Should I leave my Calamagrostis x acutiflora in direct sunlight?
No! If your Calamagrostis x acutiflora (or Feather reed grass) has the symptoms described above, don’t leave it in direct sunlight, that’s the reason why your Feather reed grass is in such a state!
As explained in the paragraph above, the solution is simple, just place your Feather reed grass in a place where the light does not reach it directly, in this way and with a correct watering, your plant should resume its life rather quickly.
Why are my Calamagrostis x acutiflora leaves drooping or wilting ?
When you become dehydrated, this usually happens. Large plants are more vulnerable since they need more water on a regular basis than smaller plants.
An easy way to know if your Calamagrostis x acutiflora is lacking water is to under-weigh its pot, if it looks light, it means that the soil and the roots are probably quite dry, and therefore need water!
If the soil in your plant’s pot is completely dry, you will need to start by moistening it so that the roots will also benefit from the water. A common mistake is to drown the Feather reed grass right after a dry period thinking that it needs a lot of water.
This is the case, but giving too much water at once is the best way to finish it off, you should actually water the soil normally, resuming a quiet watering rhythm.
Caring Tips for Calamagrostis x acutiflora
Water is necessary for your plant to live, but timing and amount of watering must be balanced. Overwatering could have disastrous effects on your own name, as we already mentioned.
The best way to know if your plant needs water or not is to touch the soil, if you feel it is still wet, it is probably a good idea to wait a few more days.
Always keep temperatures stable
It’s also a good idea to keep your Calamagrostis x acutiflora at a constant temperature, especially if it’s kept indoors. In general, at GreenShack, we suggest booking a temperature between 65 and 85 degrees F. Of course, keep your Calamagrostis x acutiflora away from radiators, air conditioners, and other sources of hot or cold air.
Keep your Feather reed grass Dust-Free
This one concerns indoor plants, just like on your furniture, dust is also deposited on the leaves of your indoor plants, the problem is that it can prevent them from receiving the necessary light, this would slow down (or even stop) the photosynthesis process, and eventually, they would lose their colors.
This would also make the pests happy, a real descent into hell for your Feather reed grass.

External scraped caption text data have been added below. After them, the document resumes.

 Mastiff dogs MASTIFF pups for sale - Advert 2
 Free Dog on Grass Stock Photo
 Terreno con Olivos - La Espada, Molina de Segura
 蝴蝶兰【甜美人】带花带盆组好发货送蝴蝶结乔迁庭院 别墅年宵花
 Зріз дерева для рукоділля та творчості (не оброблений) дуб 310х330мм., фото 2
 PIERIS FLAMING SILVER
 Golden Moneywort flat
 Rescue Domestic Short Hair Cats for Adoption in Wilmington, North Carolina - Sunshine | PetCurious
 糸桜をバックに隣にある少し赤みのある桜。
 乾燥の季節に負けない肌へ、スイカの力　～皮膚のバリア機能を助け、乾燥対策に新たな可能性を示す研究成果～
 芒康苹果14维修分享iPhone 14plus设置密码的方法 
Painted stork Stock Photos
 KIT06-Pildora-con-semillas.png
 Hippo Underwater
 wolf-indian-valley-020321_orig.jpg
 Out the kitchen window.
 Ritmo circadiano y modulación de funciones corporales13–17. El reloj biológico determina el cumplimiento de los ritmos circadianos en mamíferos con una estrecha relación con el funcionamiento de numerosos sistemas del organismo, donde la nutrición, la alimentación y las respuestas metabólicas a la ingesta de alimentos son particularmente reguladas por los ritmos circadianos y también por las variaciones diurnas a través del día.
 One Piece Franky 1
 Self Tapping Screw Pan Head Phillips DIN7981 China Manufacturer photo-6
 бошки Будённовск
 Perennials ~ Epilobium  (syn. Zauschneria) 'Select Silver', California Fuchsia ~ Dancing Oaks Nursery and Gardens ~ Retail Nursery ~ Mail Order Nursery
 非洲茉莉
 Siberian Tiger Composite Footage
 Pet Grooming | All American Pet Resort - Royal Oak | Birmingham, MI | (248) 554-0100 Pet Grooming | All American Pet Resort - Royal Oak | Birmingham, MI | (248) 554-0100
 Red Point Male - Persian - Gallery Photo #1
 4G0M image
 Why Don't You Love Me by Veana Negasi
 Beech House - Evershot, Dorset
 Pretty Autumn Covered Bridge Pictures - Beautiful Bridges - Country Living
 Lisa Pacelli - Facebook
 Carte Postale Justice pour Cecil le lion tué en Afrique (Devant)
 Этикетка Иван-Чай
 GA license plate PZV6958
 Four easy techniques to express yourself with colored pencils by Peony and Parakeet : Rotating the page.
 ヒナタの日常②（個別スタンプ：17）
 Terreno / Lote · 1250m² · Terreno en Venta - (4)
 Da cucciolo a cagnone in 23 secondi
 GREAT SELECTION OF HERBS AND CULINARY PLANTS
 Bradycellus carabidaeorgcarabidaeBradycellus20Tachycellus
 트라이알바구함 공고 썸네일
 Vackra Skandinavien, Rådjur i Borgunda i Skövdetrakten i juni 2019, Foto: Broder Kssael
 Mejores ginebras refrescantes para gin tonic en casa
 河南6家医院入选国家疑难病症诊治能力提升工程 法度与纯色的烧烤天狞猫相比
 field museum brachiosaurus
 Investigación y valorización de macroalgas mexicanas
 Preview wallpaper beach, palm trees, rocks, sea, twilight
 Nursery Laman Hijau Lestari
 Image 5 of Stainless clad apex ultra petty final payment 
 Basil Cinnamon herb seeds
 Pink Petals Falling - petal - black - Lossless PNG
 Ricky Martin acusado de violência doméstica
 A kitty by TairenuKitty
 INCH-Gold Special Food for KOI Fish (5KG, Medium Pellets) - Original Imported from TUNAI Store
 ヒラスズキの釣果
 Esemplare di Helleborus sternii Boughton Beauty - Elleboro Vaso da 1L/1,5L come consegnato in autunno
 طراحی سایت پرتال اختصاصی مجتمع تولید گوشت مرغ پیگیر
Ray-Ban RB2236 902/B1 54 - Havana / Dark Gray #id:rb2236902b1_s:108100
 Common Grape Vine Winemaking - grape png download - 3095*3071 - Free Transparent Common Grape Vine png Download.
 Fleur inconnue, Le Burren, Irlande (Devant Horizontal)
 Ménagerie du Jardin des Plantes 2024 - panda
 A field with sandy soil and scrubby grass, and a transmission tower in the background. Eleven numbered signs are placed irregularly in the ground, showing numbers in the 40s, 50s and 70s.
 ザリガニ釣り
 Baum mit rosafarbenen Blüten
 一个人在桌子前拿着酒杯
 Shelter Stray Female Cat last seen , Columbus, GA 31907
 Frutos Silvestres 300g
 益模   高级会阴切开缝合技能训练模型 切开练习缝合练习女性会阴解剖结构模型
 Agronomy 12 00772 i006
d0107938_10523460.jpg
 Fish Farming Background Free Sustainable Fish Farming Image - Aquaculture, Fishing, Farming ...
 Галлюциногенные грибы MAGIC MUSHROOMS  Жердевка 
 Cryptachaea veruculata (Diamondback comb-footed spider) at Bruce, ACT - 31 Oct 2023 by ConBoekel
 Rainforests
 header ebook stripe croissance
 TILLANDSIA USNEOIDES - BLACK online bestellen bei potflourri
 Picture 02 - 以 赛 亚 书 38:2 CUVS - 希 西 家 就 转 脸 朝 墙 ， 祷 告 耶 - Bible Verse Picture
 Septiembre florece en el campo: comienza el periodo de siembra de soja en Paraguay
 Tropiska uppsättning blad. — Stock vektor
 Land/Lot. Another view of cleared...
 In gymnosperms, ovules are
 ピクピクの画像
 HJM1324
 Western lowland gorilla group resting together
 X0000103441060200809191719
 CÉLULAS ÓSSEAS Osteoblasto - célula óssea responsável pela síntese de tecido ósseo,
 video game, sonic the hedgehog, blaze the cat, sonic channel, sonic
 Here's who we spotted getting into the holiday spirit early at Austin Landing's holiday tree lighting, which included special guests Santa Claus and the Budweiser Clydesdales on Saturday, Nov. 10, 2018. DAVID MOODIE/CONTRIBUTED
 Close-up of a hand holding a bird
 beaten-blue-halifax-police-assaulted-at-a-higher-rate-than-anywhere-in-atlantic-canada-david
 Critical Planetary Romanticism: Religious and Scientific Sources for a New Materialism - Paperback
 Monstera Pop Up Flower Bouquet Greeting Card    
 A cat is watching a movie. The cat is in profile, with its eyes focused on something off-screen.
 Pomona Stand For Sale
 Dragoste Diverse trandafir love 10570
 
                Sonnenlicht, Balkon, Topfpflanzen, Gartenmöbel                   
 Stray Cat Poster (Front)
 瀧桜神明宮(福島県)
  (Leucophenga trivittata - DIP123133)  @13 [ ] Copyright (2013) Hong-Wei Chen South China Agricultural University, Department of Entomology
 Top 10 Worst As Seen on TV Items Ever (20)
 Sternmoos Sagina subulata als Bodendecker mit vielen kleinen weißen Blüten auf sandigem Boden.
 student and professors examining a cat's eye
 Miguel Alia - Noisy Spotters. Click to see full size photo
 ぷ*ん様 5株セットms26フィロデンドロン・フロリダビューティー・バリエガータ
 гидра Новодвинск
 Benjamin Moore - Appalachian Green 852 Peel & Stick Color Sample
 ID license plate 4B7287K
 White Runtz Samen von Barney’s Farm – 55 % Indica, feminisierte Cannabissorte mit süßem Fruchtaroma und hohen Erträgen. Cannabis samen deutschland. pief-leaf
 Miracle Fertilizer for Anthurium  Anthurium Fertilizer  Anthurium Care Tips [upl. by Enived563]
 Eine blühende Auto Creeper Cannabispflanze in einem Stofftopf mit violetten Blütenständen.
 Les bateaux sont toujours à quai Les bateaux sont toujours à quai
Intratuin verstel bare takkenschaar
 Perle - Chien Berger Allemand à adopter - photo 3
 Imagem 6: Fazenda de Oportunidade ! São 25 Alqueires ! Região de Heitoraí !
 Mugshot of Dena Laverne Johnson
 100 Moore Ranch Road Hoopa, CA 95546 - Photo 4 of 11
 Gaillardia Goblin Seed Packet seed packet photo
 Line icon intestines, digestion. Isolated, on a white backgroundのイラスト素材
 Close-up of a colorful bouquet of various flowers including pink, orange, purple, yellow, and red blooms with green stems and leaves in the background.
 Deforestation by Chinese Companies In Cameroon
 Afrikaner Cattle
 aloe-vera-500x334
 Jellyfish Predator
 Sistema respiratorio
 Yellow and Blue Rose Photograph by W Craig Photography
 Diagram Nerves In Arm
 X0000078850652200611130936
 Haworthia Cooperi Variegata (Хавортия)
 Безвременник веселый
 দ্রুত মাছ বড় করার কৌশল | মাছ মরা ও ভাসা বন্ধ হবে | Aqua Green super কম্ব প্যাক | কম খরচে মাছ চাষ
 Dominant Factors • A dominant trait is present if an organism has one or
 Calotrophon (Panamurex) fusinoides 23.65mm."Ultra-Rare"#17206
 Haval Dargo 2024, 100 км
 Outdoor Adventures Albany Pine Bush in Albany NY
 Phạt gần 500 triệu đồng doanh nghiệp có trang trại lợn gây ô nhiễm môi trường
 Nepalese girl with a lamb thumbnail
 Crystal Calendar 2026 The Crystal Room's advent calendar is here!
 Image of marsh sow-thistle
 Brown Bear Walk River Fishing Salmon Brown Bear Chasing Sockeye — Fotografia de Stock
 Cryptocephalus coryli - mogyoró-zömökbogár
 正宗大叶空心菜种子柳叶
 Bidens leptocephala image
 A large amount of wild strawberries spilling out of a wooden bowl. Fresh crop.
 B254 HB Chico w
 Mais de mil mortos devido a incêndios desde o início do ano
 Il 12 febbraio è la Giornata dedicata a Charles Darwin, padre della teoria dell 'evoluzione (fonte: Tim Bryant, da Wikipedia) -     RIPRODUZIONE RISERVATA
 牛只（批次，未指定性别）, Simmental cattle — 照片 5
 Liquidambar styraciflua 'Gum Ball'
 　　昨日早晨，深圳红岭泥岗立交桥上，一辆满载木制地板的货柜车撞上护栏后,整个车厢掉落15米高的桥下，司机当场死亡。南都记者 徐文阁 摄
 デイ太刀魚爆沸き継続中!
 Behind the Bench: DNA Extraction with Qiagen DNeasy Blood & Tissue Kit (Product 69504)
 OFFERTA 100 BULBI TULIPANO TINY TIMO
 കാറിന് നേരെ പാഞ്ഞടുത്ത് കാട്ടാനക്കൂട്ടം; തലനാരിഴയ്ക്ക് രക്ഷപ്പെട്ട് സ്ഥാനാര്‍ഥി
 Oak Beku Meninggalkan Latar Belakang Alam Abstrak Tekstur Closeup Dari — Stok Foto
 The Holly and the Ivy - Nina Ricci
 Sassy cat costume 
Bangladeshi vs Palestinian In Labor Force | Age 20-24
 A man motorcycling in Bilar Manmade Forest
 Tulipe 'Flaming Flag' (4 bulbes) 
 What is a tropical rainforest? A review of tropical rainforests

To remove the dust from the leaves of your plant, take a microfiber cloth and gently rub the leaves. You can wet the cloth to make it easier to remove the dust, but never use corrosive products (such as rubbing alcohol!)
Keep drainage in mind
If you have a tendency to overwater, you should be mindful of your drainage, and if they don’t already have them, we suggest selecting a saucer and a pot with drainage holes.
In the meantime, if you don’t have holes in your pots, you can add volcanic rocks (or any rocks with holes) at the bottom of your pot, this way it will create a channel so that the water doesn’t stay in your skin too much (to avoid that roots start to rot!)